It is a good sign to me that the memory (at least in flynn's case) is eventually returned to the system, as that suggests the memory is not leaked. Also, when I tested some scenarios with valgrind some months back, I did not find any leaks.

Actions #9

Updated by gstrauss 17 days ago

  • Category set to core

BTW, the chunk size defaults to 8k and is configurable with server.chunkqueue-chunk-sz = 8192. Minimum size is 1024, and server.chunkqueue-chunk-sz is rounded up to the closest power of 2.

Actions #10

Updated by flynn 16 days ago

I started a test with libjemalloc as allocator and some days later I'll test different values of server.chunkqueue-chunk-sz ...

Actions #11

Updated by gstrauss 16 days ago

Another thought occurred to me. In lighttpd 1.4.59, HTTP/2 is enabled by default in lighttpd.
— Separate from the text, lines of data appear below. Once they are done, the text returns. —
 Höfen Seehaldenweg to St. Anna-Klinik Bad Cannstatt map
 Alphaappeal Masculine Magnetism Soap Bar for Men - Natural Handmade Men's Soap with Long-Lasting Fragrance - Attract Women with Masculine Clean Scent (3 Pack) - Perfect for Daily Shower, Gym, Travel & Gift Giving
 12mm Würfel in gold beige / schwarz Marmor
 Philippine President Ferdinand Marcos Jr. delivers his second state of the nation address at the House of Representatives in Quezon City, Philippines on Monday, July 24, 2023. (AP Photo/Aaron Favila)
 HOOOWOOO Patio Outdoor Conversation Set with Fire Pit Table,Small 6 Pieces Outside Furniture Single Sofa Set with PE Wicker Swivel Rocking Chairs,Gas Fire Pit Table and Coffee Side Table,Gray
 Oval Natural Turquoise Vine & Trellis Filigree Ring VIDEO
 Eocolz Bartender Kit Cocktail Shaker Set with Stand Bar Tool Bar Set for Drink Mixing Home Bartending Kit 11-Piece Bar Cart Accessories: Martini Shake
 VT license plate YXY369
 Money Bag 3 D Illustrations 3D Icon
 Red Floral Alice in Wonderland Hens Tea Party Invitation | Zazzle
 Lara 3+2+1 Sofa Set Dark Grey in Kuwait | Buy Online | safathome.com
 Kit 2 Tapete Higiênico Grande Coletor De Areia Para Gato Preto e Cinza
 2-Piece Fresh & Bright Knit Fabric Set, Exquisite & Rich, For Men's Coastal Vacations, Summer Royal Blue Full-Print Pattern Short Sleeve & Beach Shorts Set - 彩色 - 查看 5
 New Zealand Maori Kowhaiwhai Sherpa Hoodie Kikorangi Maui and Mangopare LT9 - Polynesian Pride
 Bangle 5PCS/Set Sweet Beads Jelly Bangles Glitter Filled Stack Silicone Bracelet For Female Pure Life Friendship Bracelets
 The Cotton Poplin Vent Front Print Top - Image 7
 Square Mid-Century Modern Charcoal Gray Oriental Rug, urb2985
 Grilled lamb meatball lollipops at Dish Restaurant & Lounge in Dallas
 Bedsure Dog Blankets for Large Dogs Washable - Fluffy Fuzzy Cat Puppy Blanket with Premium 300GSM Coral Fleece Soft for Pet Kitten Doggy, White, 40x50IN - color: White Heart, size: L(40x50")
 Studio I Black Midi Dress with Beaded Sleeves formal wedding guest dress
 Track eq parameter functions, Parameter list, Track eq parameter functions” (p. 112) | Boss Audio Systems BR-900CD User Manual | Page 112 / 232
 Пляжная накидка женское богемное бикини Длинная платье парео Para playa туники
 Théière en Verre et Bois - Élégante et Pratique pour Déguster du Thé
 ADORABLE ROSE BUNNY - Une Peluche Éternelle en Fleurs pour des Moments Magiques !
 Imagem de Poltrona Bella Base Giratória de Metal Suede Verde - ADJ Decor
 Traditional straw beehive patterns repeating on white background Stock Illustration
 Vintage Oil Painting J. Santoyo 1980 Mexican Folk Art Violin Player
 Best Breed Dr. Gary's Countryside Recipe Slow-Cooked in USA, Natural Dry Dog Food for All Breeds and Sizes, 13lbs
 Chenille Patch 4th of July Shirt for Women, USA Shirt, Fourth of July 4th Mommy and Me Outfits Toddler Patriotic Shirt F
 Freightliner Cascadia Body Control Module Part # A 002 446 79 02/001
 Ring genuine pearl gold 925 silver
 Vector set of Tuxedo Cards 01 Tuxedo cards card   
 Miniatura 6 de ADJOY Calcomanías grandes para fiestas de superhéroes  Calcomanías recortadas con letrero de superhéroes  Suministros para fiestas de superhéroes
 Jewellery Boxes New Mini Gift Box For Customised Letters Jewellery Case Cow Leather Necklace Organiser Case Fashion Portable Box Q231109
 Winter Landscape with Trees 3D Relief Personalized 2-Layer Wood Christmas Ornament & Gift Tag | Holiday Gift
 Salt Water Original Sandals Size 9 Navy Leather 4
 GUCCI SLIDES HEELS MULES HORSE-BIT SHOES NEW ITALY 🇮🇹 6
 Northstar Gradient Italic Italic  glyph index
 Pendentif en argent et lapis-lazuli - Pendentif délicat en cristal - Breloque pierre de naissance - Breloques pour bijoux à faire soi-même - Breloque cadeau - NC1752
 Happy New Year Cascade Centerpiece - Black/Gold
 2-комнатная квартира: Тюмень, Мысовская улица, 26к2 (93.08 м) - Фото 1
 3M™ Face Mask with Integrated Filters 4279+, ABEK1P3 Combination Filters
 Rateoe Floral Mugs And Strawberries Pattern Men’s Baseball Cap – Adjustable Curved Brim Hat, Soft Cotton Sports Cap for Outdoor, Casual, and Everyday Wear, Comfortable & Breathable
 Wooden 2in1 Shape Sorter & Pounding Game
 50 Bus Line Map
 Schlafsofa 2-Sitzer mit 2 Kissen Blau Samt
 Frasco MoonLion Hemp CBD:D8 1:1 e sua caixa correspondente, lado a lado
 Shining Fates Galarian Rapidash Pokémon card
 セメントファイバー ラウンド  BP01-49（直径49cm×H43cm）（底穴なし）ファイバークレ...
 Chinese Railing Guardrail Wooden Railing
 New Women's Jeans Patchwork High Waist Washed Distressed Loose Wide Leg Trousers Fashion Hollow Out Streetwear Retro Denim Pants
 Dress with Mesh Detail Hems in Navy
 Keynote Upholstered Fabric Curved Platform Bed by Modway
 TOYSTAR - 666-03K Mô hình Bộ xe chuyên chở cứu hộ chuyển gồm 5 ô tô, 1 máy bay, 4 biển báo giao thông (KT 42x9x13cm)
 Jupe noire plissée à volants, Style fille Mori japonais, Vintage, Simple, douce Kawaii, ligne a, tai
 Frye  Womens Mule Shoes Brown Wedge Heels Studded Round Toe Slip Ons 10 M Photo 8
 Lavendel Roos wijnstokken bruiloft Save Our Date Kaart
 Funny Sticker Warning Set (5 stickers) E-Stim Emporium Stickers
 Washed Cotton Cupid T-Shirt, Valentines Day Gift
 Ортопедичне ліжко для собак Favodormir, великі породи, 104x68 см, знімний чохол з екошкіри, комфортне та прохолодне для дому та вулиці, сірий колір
Starting in lighttpd 1.4.56, lighttpd keeps a pool of struct request_st (and associated buffers), which are used by HTTP/2 connections, one for each stream. The size of this pool can grow to server.max-connections. Now, each HTTP/2 connection can have up to 8 simultaneous streams (hard-coded limit in lighttpd), and additional request_st allocated are freed immediately upon release.

Depending on the access patterns that your server sees, and on whether the streams are handled quickly or have a long lifetime, you might want to reduce server.max-connections, but not so much that you unnecessarily delay lighttpd from answering bursts of connections. Of course, this tuning is necessary only on small, memory restricted servers, which are likely resource-constrained in other ways, too. On larger servers, 30M lighttpd memory use for a very busy server is unlikely to be an issue.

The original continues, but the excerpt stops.